Running multiple variants of training parameters

The training pipeline allows you do benchmark multiple variants of the training parameters.

The structure of lightgbm_training_config settings relies on 3 main sections: - tasks : a list of train/test dataset pairs - reference_training: parameters used as reference for lightgbm training - variants: a list of parameter overrides that apply on top of reference_training parameters.

So you can create as many tasks and variants as you'd like and run them all into one single pipeline.

An example use case is training on cpu versus gpu. See the example file training-cpu-vs-gpu.yaml. In this file, the variant just consists in overriding the num_iterations:

lightgbm_training_config:
  benchmark_name: "benchmark-cpu-num-trees"
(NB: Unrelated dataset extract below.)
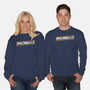 Spaceballs The Halloween Costume-Unisex-Crew Neck-Sweatshirt-rocketman_art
  # list all the train/test pairs to train on
  tasks:
    - train:
        name: "data-synthetic-regression-10cols-100000samples-train"
      test::
        name: "data-synthetic-regression-10cols-10000samples-test"
      task_key: "synthetic-regression-10cols" # optional, user to register outputs
    - train:
        name: "data-synthetic-regression-100cols-100000samples-train"
      test::
        name: "data-synthetic-regression-100cols-10000samples-test"
      task_key: "synthetic-regression-100cols" # optional, user to register outputs
    - train:
        name: "data-synthetic-regression-1000cols-100000samples-train"
      test::
        name: "data-synthetic-regression-1000cols-10000samples-test"
      task_key: "synthetic-regression-1000cols" # optional, user to register outputs

  # reference settings for the benchmark
  # all variants will be based on this
  reference:
    # lots of other params here
    training:
      num_iterations: 100

  # variant settings override what is in reference_training
  variants:
    - training:
        num_iterations: 10
    - training:
        num_iterations: 1000
    - training:
        num_iterations: 5000